→ Given information
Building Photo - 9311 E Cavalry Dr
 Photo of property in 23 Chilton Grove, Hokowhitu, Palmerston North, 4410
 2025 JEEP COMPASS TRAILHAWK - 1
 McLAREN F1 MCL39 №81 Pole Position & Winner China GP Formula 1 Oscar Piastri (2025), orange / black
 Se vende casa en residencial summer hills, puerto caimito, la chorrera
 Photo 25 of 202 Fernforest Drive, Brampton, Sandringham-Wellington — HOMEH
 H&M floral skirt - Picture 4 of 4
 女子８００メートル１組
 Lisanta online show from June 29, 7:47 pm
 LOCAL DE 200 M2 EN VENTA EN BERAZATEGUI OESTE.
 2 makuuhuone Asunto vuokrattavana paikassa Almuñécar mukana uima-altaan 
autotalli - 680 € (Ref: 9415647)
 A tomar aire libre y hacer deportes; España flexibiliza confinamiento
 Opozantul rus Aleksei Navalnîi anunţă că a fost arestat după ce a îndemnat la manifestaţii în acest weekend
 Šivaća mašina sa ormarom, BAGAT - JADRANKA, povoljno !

→ Assignment
Please transcribe exactly the line containing "autotalli - 680 € (Ref: 9415647)" and every line after it to the end of the data, and no other lines.

→ Output
autotalli - 680 € (Ref: 9415647)
 A tomar aire libre y hacer deportes; España flexibiliza confinamiento
 Opozantul rus Aleksei Navalnîi anunţă că a fost arestat după ce a îndemnat la manifestaţii în acest weekend
 Šivaća mašina sa ormarom, BAGAT - JADRANKA, povoljno !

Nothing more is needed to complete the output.